高校時代の安福容疑者
幼い長女が亡くなった
安福容疑者は、奈美子さんとは面識がなかった。一方、悟さんとは「高校の同級生」という接点があった。
同じソフトテニス部に所属し、何度か悟さんに交際を申し込んだことがあったという。だが思いは届かず、安福容疑者の愛情はゆがみ始める。別の大学に進んだ悟さんのテニスの練習場で待ち伏せるなど、ストーカーまがいの行動もあった。
「そのときは大学近くの喫茶店に連れて行って“気持ちには応えられない”と伝えたら、わっと泣き始めて……」(悟さん)
それ以降、悟さんの前に安福容疑者が姿を見せることはなかった。
別の男性と結婚し、子供にも恵まれた安福容疑者。その頃の彼女について、こんなエピソードがある。
「小学校の入学式で子供同士のトラブルになり、安福容疑者が激高して、学校を通じて相手の親に謝罪を要求したことがあったそうです。大ごとにするようなことではないのに、烈火のごとく怒り狂っていたとかで……」(容疑者を知る学校関係者)
一方で失意もあった。
「事件の10年ほど前に、安福容疑者はまだ幼かった長女を血液の重い病気で亡くしています。そのことを親族からひどく叱責され、落胆していたようです」(捜査関係者)

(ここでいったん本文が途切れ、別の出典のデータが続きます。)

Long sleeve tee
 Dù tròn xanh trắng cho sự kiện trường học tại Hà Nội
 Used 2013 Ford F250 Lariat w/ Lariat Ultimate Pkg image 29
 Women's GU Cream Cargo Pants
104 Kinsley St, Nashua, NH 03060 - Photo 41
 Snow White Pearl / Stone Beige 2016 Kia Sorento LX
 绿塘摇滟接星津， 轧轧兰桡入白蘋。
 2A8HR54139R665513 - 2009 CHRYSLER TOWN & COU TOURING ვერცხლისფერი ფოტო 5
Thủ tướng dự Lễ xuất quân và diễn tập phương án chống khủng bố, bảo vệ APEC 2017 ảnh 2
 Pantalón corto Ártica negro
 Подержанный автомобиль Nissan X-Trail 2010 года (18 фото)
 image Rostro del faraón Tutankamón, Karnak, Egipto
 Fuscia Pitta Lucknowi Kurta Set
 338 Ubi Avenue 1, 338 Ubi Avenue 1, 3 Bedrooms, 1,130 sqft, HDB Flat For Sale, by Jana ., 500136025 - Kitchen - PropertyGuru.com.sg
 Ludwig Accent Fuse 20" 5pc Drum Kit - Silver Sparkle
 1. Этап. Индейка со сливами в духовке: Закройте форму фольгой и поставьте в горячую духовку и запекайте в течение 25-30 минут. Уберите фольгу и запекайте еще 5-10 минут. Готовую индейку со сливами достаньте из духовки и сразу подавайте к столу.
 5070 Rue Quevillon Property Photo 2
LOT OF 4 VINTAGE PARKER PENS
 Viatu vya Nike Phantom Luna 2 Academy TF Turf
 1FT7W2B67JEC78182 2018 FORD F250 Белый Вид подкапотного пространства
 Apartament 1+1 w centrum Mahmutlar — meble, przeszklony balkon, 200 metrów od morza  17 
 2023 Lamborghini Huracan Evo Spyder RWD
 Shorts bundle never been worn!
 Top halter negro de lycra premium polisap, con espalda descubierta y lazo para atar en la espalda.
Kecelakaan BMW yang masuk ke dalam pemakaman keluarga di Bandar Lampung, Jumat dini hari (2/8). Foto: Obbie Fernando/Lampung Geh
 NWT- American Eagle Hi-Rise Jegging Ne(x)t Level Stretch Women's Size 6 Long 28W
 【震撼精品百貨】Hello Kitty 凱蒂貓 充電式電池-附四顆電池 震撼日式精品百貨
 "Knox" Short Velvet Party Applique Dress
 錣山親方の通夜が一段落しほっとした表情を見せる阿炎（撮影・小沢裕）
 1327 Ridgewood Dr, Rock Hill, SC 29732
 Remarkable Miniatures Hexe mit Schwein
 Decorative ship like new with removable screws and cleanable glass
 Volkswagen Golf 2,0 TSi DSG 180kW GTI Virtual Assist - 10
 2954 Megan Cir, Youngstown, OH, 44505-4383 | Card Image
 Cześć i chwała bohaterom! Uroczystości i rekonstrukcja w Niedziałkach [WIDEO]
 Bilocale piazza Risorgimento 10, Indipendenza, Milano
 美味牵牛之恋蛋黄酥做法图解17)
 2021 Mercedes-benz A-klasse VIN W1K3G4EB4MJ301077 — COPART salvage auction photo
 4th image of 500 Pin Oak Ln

安福容疑者と悟さんが“再会”したのは’99年6月。愛を拒否されてから20年以上が経っていた。
「ソフトテニス部の同窓会でした。容疑者から話しかけてきて、“結婚して、仕事も家事もバリバリやって頑張ってる”と言っていました。“いいね、頑張ってよ”くらいは返しましたが、あまりつっこんだ会話はしませんでした」(悟さん)
事件が起きたのは、それから5か月後だった。
「そっけない態度の悟さんに、再び相手にされなかったと逆恨みした可能性もあるとみています」(前出・全国紙社会部記者)
あまりに身勝手な凶行に走った安福容疑者だが、それから26年間、事件現場の近隣で怯えながら暮らしていたという。
「日中は市内の大型スーパーの事務員としてアルバイトをしていましたが、周囲と深くコミュニケーションを取ってはいなかったようです。自宅の近隣でも、安福容疑者の夫の姿は見かけられているのに、彼女の話はほとんど出てこない。事件へのかかわりは家族や周囲にも話せず、引っ越しもできないなか、“逃げ切りたい”という思いで日々を過ごしていたのです」(前出・全国紙社会部記者)
26年間の沈黙は、悟さんにも長男にも、あまりにも長すぎた。